CNN  — 

GOP Rep. Bill Flores announced Wednesday his plans to retire from Congress at the end of his term, becoming the fifth Texas Republican to do so this election cycle.

Flores won his first election in 2010 by defeating a Democrat during President Barack Obama’s first midterm election and rose to become a chairman of the conservative Republican Study Committee.

While Flores’ district between Dallas and Austin is now reliably Republican, Democrats have centered their efforts to expand their House majority by picking up several other seats in the suburbs of the Lone Star state. President Donald Trump won Flores’ district in 2016 with 56% of the vote.

In his retirement, Flores joins other high-profile GOP House members from the state including the ranking member of the House Agriculture Committee Mike Conaway and Will Hurd, the only black House Republican.

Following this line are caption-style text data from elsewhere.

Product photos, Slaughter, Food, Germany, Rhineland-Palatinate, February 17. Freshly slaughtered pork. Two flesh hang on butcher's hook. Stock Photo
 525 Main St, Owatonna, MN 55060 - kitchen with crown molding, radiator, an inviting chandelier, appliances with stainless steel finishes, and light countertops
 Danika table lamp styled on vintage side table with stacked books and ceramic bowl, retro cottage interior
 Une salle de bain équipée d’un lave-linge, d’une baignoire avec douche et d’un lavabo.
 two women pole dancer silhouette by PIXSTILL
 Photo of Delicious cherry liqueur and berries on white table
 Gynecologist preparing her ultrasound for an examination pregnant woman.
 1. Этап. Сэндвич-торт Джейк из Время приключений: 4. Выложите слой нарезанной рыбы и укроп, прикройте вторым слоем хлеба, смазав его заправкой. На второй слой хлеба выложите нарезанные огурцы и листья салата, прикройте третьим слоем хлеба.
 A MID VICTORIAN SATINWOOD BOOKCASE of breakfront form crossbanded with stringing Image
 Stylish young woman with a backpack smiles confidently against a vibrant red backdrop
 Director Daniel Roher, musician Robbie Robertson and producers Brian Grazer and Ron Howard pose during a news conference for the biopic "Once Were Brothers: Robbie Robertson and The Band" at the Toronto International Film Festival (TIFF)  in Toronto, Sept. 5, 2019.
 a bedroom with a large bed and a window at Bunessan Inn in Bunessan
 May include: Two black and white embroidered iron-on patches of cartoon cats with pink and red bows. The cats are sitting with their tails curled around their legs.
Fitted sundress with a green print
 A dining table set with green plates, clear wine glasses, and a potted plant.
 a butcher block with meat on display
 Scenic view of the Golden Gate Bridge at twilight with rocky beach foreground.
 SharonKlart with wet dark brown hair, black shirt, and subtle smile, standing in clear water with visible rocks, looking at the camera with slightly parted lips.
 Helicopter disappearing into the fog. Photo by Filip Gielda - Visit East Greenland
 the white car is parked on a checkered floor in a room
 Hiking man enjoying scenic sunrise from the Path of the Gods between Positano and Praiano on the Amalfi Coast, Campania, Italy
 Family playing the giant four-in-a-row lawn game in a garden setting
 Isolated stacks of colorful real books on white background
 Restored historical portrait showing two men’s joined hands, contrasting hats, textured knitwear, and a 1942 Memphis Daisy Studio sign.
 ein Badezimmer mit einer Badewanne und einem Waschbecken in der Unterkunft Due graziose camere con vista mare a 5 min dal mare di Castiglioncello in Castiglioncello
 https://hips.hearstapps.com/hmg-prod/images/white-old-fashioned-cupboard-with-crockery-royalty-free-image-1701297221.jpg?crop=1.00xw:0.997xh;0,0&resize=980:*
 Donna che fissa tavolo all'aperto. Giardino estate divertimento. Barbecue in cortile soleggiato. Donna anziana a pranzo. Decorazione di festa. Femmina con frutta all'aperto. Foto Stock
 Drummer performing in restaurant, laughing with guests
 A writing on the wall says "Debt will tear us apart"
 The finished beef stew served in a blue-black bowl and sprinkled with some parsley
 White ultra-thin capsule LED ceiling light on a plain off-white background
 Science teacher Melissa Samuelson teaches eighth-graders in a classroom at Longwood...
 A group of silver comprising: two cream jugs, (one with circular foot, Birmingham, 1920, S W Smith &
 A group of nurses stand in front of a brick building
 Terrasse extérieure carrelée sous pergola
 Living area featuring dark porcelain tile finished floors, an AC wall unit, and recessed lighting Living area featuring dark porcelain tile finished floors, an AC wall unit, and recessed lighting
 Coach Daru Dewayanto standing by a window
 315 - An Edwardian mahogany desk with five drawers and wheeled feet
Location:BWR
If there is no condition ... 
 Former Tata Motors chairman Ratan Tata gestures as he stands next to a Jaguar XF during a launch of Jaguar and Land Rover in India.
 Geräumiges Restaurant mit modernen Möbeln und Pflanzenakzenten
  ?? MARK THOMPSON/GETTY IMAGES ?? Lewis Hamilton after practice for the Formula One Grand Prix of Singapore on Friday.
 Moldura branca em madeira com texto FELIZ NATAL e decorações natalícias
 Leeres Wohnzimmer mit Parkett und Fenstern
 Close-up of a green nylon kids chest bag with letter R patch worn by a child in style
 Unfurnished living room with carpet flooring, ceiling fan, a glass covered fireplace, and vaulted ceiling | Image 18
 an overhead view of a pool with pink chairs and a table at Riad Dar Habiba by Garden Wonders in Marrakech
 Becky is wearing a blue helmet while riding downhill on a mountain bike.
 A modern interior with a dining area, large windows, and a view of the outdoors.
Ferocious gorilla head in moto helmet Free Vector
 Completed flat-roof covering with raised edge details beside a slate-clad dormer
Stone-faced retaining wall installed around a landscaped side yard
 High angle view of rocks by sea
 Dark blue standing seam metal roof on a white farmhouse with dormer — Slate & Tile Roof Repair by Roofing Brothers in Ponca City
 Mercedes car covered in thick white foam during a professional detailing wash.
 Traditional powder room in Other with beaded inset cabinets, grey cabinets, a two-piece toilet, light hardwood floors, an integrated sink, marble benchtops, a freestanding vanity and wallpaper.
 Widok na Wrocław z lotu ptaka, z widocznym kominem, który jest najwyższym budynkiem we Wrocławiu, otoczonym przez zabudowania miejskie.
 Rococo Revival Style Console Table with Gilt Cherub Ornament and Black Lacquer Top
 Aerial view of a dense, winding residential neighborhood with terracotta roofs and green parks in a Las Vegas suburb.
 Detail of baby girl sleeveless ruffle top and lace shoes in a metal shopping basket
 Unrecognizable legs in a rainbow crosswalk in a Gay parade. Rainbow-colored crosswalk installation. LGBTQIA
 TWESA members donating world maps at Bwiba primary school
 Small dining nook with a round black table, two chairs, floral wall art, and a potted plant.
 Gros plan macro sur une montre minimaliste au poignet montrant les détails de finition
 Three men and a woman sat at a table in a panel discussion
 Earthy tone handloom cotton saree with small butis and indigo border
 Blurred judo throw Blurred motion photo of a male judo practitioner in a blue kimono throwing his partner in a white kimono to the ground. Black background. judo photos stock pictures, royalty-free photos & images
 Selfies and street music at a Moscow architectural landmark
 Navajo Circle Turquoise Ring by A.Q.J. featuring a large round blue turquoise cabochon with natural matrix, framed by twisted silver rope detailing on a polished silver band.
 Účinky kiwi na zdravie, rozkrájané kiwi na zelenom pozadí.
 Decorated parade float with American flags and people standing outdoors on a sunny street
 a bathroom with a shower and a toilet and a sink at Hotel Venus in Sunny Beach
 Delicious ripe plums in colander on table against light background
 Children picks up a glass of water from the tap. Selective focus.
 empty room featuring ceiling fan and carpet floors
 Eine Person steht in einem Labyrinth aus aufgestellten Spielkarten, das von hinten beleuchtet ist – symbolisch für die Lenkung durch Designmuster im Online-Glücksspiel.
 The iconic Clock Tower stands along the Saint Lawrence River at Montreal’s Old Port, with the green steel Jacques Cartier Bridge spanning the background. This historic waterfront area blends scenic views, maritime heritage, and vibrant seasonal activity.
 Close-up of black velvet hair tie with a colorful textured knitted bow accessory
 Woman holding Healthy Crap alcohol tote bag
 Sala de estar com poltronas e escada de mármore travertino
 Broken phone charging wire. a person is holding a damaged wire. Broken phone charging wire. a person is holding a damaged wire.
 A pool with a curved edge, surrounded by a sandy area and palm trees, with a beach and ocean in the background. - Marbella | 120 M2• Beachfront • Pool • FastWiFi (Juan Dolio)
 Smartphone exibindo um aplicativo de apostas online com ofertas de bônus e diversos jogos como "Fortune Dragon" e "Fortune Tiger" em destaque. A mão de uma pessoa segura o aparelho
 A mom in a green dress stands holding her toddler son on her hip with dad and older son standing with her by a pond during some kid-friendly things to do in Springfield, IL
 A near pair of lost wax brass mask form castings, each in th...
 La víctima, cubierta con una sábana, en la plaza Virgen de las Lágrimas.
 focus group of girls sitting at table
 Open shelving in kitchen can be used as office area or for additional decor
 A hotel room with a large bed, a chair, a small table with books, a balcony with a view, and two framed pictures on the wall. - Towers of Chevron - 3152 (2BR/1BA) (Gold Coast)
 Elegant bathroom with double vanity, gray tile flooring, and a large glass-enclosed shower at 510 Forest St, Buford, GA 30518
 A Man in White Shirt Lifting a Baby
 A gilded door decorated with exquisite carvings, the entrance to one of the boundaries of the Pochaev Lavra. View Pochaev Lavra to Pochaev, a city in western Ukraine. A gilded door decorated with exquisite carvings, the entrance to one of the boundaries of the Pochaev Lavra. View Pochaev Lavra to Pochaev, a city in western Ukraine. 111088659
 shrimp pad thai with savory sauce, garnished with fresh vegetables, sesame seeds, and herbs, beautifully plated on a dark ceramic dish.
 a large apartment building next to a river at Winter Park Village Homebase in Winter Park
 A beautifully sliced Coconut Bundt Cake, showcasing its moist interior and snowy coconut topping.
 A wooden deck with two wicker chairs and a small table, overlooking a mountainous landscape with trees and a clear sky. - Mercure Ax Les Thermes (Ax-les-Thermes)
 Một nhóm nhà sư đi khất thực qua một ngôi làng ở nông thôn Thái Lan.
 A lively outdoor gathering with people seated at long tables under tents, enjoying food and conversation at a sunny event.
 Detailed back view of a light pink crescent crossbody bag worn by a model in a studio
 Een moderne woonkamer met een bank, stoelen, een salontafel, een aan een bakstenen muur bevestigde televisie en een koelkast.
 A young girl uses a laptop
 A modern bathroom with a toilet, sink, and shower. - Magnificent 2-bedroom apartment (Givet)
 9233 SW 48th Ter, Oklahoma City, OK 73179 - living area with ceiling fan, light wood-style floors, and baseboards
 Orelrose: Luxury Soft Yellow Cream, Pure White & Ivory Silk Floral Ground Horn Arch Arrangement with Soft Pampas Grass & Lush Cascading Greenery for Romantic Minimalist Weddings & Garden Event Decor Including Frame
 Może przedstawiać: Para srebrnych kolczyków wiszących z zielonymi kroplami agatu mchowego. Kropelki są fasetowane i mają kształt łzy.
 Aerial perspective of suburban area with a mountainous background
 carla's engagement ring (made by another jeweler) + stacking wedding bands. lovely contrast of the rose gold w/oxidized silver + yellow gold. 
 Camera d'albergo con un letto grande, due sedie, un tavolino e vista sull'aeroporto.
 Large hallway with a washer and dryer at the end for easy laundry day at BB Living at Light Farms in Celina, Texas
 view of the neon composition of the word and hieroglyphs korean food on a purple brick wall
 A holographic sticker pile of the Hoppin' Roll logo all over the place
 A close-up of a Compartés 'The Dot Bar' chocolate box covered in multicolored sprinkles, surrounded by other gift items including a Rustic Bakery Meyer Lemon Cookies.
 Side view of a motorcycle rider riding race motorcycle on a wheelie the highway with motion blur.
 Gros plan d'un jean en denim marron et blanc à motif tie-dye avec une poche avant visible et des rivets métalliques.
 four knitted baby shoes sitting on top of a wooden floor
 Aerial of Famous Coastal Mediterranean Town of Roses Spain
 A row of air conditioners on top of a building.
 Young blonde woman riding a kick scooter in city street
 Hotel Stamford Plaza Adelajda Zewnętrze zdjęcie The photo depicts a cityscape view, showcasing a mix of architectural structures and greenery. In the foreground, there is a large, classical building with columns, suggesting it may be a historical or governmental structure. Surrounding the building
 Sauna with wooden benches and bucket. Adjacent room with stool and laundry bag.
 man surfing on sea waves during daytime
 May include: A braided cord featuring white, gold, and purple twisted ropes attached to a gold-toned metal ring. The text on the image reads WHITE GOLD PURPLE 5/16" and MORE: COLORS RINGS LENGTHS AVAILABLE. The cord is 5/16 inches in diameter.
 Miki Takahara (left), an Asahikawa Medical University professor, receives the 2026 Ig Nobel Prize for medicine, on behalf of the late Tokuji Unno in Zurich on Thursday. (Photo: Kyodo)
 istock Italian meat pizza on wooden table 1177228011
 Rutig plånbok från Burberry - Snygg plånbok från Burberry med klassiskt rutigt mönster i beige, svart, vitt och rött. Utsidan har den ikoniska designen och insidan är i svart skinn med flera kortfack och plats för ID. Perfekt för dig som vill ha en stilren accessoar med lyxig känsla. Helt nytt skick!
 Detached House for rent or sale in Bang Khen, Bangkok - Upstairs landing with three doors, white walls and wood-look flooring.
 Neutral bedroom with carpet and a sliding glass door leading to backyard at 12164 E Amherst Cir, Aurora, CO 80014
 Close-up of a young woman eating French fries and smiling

Flores also marks at least a dozen GOP House lawmakers who’ve publicly announced plans not to seek reelection to their seats.

In a statement, Flores said that he will retire to spend more of his time with his family and planned to return to the private sector, where he had previously worked as an oil and gas executive. He said he would focus on a number of issues in his remaining time in Congress, including securing the border, removing “the uncertainty related to the ‘Dreamers,’” helping pass the United States, Mexico, Canada Agreement and paving the way for “the accelerated deployment of 5G technologies.”

He added that he’d like to teach his grandchildren how to fly and ski.